## Task 2 


### Task 2.1
Get list of US politicians with political affiliation. 

2 sources:
- https://github.com/casmlab/politicians-tweets 
- https://www.congress.gov/members?q={%22congress%22:[%22110%22,%22111%22,%22112%22,%22113%22,%22114%22,%22115%22,%22116%22,117]}

Take 1st list, keep politicians whose affiliation is known.
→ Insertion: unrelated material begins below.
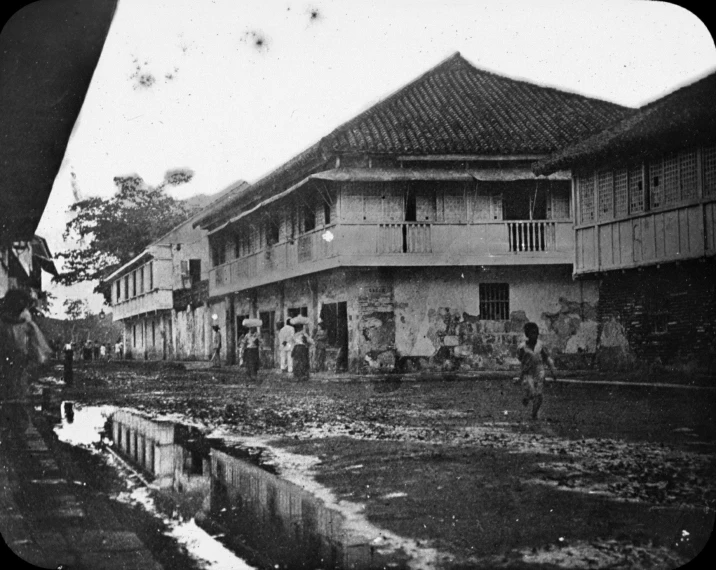 people stand on the porch of an old house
Then merge with congress list to be sure we have a good dataset.
List of politicians is in `data/ressources/politicians.json`.

In [9]:
import os 
import json
import time
import csv

from tqdm import tqdm
import requests
from bs4 import BeautifulSoup

In [29]:
def to_csv(file_name: str, pol_lst: list) -> None:
    """
    Write list to file to keep trace
    """

    csv_path = os.path.join("data", "resources", file_name)

    with open(csv_path, "w") as f:
        writer = csv.writer(f, delimiter=" ")
        writer.writerow(["Name", "Party"])

        for member in pol_lst:
            writer.writerow([el for el in member])
        

#### Github dataset

In [14]:
file_name = "politicians_github.json"
file_path = os.path.join("data", "resources", file_name)

with open(file_path, "r") as f:
    json = json.load(f)

len(json)

15

In [15]:
json.keys()

dict_keys(['id', 'id_str', 'screen_name', 'confirmed_account_type', 'state', 'twitter_name', 'real_name', 'bioguide', 'office_holder', 'party', 'district', 'level', 'woman', 'birthday', 'last_updated'])

In [35]:
json["office_holder"]["2"]

In [41]:
# Only keep politicians with politicl affiliation

politicians = []

for i in tqdm(range(1, len(json["id"]))):
    i = str(i)
    affiliation = json["party"][i]
    screen_name = json["screen_name"][i]
    elected = json["office_holder"][i] is not None

    if affiliation is not None and affiliation in ("Republican", "Democratic"):
        politicians.append((json["real_name"][i], affiliation, elected))
    elif screen_name == "realdonaldtrump":
        politicians.append(("Donald Trump", "Republican", True))
    elif screen_name == "barackobama":
        politicians.append(("Barack Obama", "Democratic", True))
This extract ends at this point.